*Brief:*
In the records below, find the line with "Devojčica je vrištala", then copy each line exactly until you have copied the line with "1321 Van Cleave". Leave any picture out.

··· Exercise data

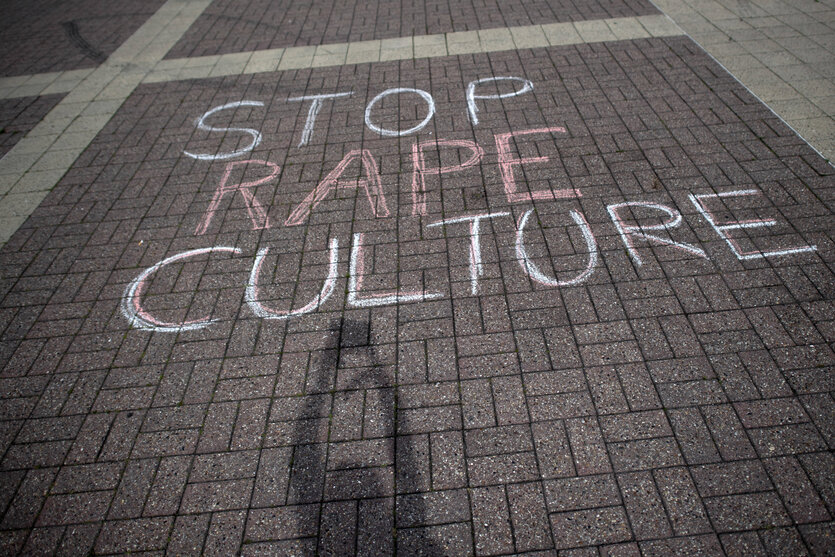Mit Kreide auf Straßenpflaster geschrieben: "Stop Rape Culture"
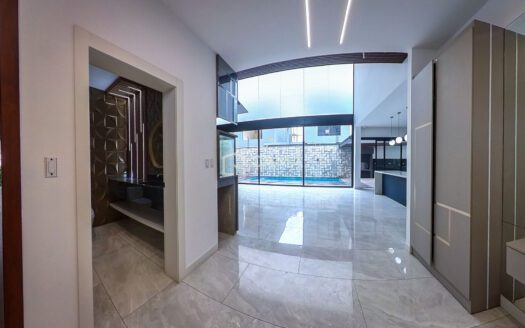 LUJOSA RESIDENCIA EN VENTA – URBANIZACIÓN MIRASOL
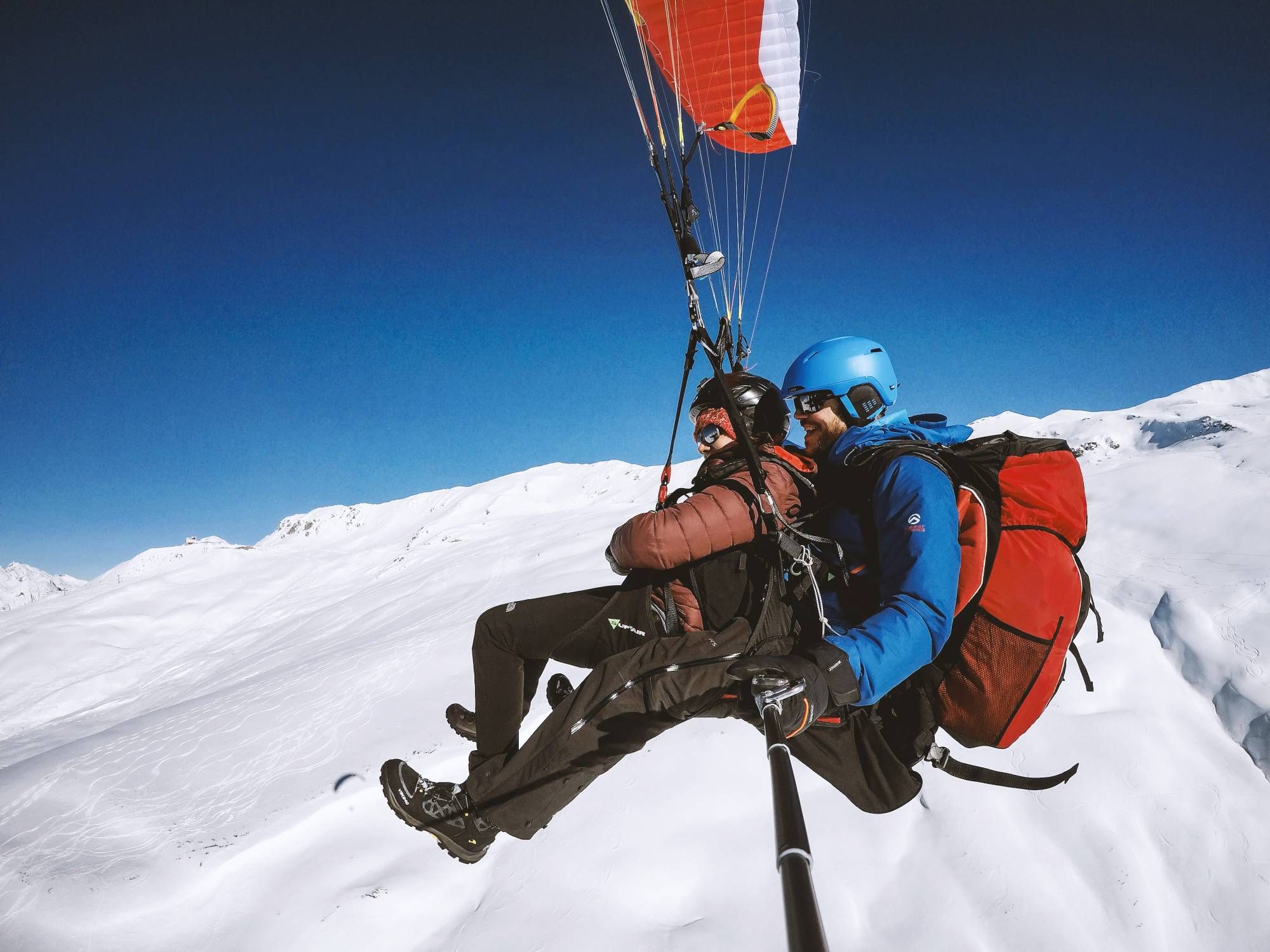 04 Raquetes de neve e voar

······
··· Exercise data

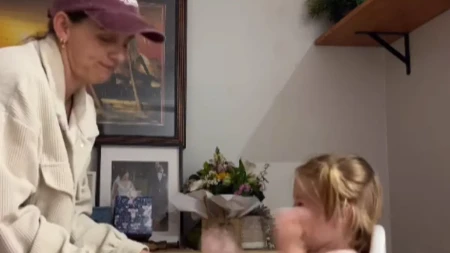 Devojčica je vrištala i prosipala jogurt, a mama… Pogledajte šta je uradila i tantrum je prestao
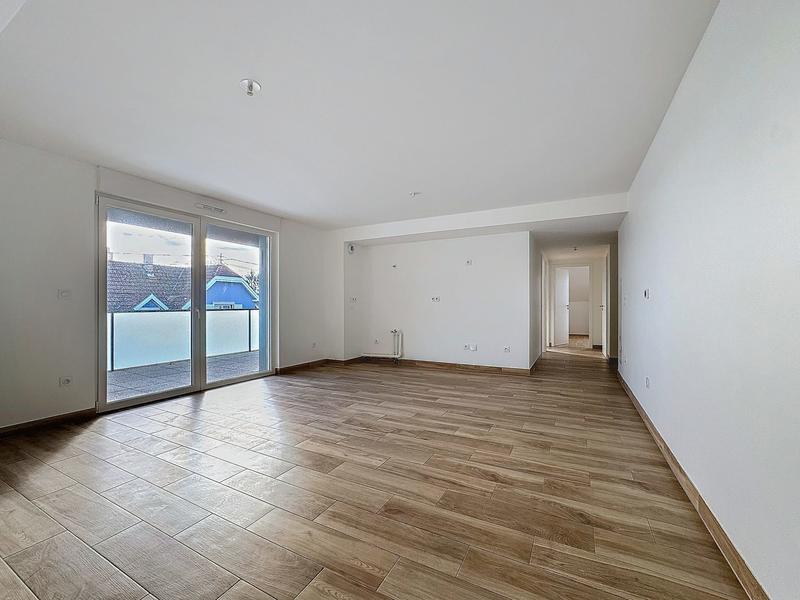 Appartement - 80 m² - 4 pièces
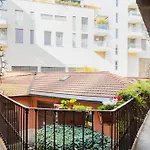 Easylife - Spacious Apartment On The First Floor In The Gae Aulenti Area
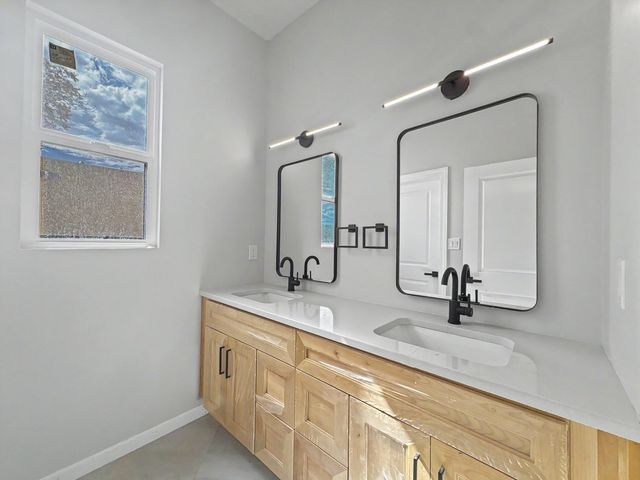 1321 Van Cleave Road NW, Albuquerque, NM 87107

······

*Reply to the task:*
 Devojčica je vrištala i prosipala jogurt, a mama… Pogledajte šta je uradila i tantrum je prestao
 Appartement - 80 m² - 4 pièces
 Easylife - Spacious Apartment On The First Floor In The Gae Aulenti Area
 1321 Van Cleave Road NW, Albuquerque, NM 87107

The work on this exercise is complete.